A complete guide……….
Before I take a deep dive into the topics that need to be learnt, let me talk about the approach that needs to be taken to learn Mathematics.
How to Learn Mathematics.
Viewing Mathematics as a theoretical subject helps a lot in Data Science. ‘Why?’ you may ask. Let me explain. In ML you are going to work with a lot of algorithms and to understand the math behind it, you need a potent understanding of math theory, also understanding the theory of math helps you know what algorithm needs to be implemented in a particular case to get the optimal results.
Topics that need to be learned.
They can be broadly classified into 4 categories.
- Calculus
Calculus is used to optimise the machine learning models. One basic example of the use of calculus is the Gradient descent model.
The word Calculus might sound daunting to you. But trust me! It isn’t in the case of Data Science. You will only have to master a few topics:
- Derivatives.
- Partial Derivatives.
- Chain Rule.
- Jacobian Matrix.
- Local Maxima, Local Minima, Saddle Point.
- Definite Integrals.
2. Linear Algebra
Linear Algebra is used to work with vectors and matrices as the unstructured data is most commonly represented in these forms.
Linear Algebra can be further classified into two sub-branches.
- Vector Algebra:
Topics to cover in vector algebra are as the following:
a. Vector Addition and Subtraction.
b. Scaling Vectors.
c. Dot Product and Cross Product.
d. Vector Projections.
e. Orthogonality and Orthonormality.
- Matrix Algebra: Topics to cover in matrix algebra are as the following:
a. Types of Matrix
b. Matrix Addition and Subtraction.
c. Matrix Transposition & Multiplication.
d. Matrix Determinants and Inverse of a Matrix.
e. Eigen Values and Eigen Vectors.
3. Probability Theory
Probability allows data scientists to assess the certainty of outcomes of a particular study or experiment.
Topics to cover are as the following:
- Set Theory.
- Permutations and Combinations. (Used a lot in probability to calculate the size of the sample space)
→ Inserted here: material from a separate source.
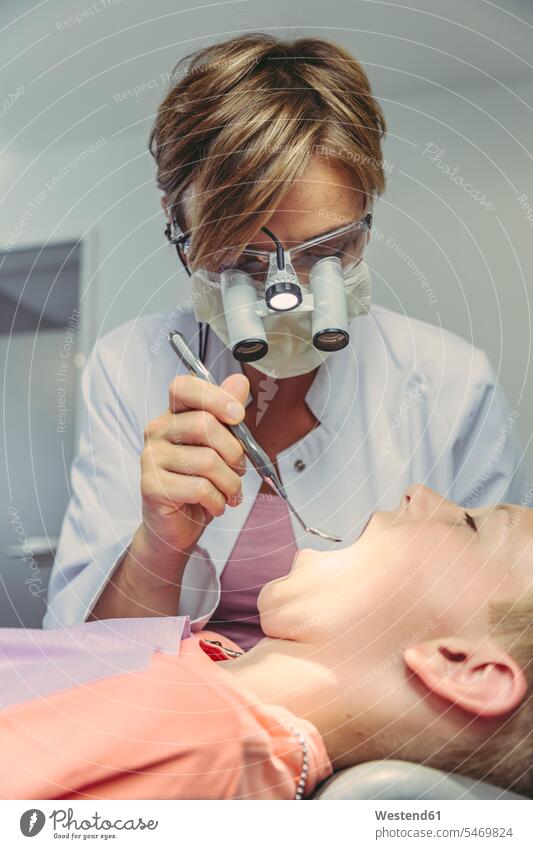 Denist examining boy's teeth, using head magnifiers and dental instrument patient patients headband magnifiers mouth open open mouth checking examine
- Basic Probability concepts.
- Conditional Probability.
- Bayes Theorem.
4. Statistics
As a data scientist, you might use statistics to summarise and identify patterns in data, design robust experiments or measure the performance of machine/deep learning models.
Stats can be classified into two sub-branches:
- Descriptive Stats: They are used to describe the data.
Topics to cover are as the following:
a. Concept of Random Variables.
b. Discrete Random Variables Distributions. (Study at most 5 Distributions)
c. Continuous Random Variables Distributions. (Study at most 5 Distributions)
d. Joint Random Variables & Joint Random Distributions.
e. Conditional Distributions & Conditional Expectations.
f. Concept of Covariance & Correlation.
- Inferential Stats: They are used to infer the population parameters from sample statistics
Topics to cover are as the following:
a. Concepts of Sample. (Sample mean, Sample Variance)
b. Sampling distributions of the sample mean(also known as Central Limit Theorem), variance.
c. Z distributions, T distributions, Chi-Square distributions, F distributions.
d. Point Estimators.
e. Confidence Intervals.
f. Hypothesis Testing. (One sample & Two Sample Tests)
Resources.
The best part of this post.
For Conceptual Understanding of Calculus, Linear Algebra, and Probability Theory check out the 3Blue1Brown Youtube Channel.
For Conceptual Understanding of Stats check out the zedstatistics Youtube Channel.
For Solving Problems on various topics check out the Organic Chemistry Tutor Youtube Channel.
https://www.youtube.com/c/TheOrganicChemistryTutor
Conclusion.
Don’t get overwhelmed by the number of topics. Take it one day at a time. Try to Visualise math using Desmos and you will be on your way to mastery.
Remember it is not a sprint, but a marathon. Being Consistent is what matters.